As a member of New York City Ballet, Douglas danced numerous roles for stage and television performing in many countries around the world in ballets including Fancy Free, A Midsummer Nights Dream,The Nutcracker, Coppelia, Stars & Stripes, The Magic Flute, Bournenville Divertiments, and many others too numerous to mention here.
Mr. Hay began his studies at age 6 with his mother, a dance teacher, in New Hampshire. At age 13 he was invited to study in New York City with world renowned teacher Margret Craske. At 16, Mr. Hay was awarded a scholarship to the School of American Ballet in NYC and subsequently was invited by Artistic Director George Balanchine to join the New York City Ballet in 1977.
Mr. Hay retired from performing in 1987 and has pursued careers in photography and computer software design. He is currently co-owner of the Dance Arts Cherry Hill.
DA: When did you first begin to dance?
I began my training as a young boy with my mother, a former professional ballet dancer who, owned and operated a dance studio in New Hampshire. At 15 I moved to NYC to continue my training and wound up a member of New York City Ballet at the age of 17.
DA: When did you first begin teach?
After leaving the New York City Ballet in the mid 1980′s, I began teaching -its just that it wasn’t dance. I began teaching people to use computers -mostly in the publishing industry, in New York City and my clients included American Express, Food & Wine Magazine, Sports Illustrated and Time Warner Inc. I just fell into it. A lot of us had Mac’s in NYCB. Macs are lots of fun and enable creativity in all sorts of ways so we really embraced them in the early days. We even used to take them on tour with us, and I’m talking the big desktop ones, there were no laptops yet. Anyway, one day a friend approached me as asked if I would come to his office and show his co-workers how to use a new Mac they had just acquired. The rest is history. I tell this story because It was then I learned that besides knowledge I had a knack for what it took to be a good teacher -patience.
I began teaching in 2001.
DA: What styles of dance are you trained in?
My expertise is ballet. Although as a ballet dancer, especially a professional one, I was expected to be able to dance any style when necessary. That is the strength of the ballet dancer.
DA: What is your favorite aspect of teaching dance in the classroom?
I like passing on what was handed directly to me by the greatest in the art form. It’s a way to give back.
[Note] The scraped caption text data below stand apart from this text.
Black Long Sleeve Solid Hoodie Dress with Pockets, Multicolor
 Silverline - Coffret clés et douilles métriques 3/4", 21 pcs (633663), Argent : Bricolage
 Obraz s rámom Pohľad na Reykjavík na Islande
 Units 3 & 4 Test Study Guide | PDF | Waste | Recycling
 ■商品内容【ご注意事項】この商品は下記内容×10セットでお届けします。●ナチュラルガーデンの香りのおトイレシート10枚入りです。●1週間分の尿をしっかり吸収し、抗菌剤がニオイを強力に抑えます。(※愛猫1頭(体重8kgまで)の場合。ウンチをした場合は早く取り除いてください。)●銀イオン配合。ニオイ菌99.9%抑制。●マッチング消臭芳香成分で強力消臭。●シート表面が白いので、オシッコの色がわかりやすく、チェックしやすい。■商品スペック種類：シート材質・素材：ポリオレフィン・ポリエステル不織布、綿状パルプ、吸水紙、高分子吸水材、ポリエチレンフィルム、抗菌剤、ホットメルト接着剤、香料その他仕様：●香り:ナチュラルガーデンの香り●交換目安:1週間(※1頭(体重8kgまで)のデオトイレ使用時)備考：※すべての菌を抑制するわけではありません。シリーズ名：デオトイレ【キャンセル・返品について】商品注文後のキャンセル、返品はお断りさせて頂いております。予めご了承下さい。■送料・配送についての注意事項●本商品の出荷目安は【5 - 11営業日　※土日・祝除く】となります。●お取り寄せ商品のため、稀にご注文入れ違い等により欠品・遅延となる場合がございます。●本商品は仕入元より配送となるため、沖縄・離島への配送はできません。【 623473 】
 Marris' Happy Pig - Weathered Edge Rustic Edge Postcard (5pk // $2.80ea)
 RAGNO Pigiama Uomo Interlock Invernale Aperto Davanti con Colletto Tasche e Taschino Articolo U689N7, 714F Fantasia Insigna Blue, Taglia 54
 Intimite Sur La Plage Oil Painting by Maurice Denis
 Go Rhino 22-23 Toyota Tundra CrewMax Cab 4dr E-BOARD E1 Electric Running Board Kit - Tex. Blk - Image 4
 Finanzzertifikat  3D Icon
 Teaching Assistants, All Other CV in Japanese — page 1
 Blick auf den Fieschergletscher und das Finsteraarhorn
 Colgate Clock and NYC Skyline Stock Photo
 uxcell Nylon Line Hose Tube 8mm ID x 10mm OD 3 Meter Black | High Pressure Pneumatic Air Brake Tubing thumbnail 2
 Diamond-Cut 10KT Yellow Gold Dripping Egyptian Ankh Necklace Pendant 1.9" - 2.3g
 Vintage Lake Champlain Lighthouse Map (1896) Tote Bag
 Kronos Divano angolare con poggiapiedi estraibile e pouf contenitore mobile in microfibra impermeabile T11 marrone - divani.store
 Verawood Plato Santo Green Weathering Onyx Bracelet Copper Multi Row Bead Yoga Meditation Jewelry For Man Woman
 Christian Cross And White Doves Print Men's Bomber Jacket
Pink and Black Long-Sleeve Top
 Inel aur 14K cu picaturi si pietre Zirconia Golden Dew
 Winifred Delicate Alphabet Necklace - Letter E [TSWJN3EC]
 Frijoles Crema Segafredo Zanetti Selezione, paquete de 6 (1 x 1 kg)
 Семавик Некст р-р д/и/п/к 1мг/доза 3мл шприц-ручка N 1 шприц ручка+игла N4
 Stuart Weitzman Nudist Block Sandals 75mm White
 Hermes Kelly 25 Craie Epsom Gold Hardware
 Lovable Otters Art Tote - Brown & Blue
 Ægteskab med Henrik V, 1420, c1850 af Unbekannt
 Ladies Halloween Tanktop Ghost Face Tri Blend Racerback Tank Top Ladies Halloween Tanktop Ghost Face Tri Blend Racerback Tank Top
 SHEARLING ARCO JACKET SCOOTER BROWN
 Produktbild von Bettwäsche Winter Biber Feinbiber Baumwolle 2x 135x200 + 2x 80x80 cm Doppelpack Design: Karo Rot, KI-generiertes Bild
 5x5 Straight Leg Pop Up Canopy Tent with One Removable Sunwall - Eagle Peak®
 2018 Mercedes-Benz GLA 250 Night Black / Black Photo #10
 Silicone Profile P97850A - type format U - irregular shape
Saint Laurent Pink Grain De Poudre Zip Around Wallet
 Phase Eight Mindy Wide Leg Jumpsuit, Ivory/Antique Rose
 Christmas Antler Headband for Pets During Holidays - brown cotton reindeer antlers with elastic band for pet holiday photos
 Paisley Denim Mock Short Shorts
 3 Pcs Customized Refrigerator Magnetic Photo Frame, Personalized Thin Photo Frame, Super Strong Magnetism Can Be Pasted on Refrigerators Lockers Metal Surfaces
DA: What do you hope your students take away from your class?
I hope they take with them the realization that its all up to them, and, if they choose to, they can try to achieve anything. Ballet is physically demanding and the reward is deeply personal, you don’t receive a trophy -you earn a deep sense of accomplishment and the physical transformation is lifelong. From a subtle, difficult movement to a physically demanding combination of steps to a deeply personal challenge, they learn they can do what seems to be impossible. I hope they “get” that.